Finally, we turn to the question of what effect preliminary injunctive relief will exert on the public interest. As we have previously noted, the issuance of the injunction will make available one additional facility to those aliens who are required to undergo medical examinations. Conceivably the testing time will be expedited to the benefit of the aliens and the INS. In any event, there is no showing that the grant of the preliminary relief requested will have an adverse effect on the public interest.


In summary, consideration of the factors relevant to the issuance of preliminary injunctive relief clearly indicates that the injunction should have been granted. Its denial inflicts a continuing loss on the appellants that is otherwise irremediable. Thus, we find that the lower court's refusal to grant the relief requested exceeded the limits of sound judicial discretion.


The order of the District Court is reversed, and the cause is remanded with instructions to issue a preliminary injunction in accordance with this opinion.

MOORE, Circuit Judge (dissenting):


The principal issue in this appeal is whether the appellant, New York Pathological and X-Ray Laboratories, Inc. (N.Y. X-ray), is likely to succeed at trial with its contention that the Immigration and Naturalization Service's (INS) change in procedures respecting the medical examination of immigrant aliens violated N.Y. X-ray's statutory or constitutional rights.

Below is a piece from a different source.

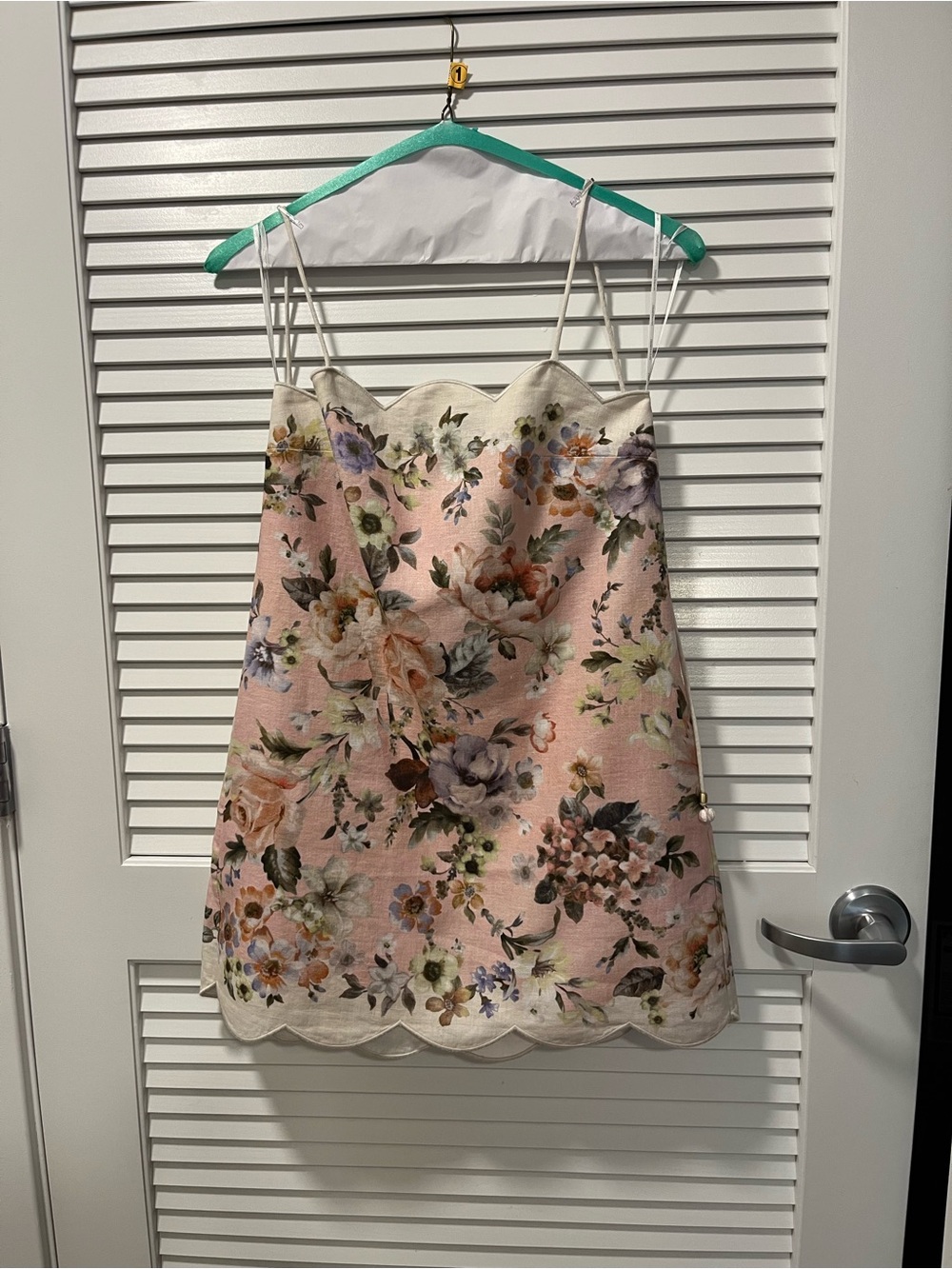 Zimmermann Pink Floral Scallop-Trim Mini Dress - Size 1 - Picture 6 of 11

Although not reaching the constitutional issue, the majority holds that the INS' designation of certain approved facilities to conduct medical examination constituted a "license" within the meaning of the Administrative Procedure Act, 5 U.S.C. § 551 Et seq. and further that the INS was required to afford N.Y. X-ray notice and a hearing before excluding it from the list of approved facilities. Because I do not believe that notice and a hearing was either statutorily or constitutionally required, I dissent.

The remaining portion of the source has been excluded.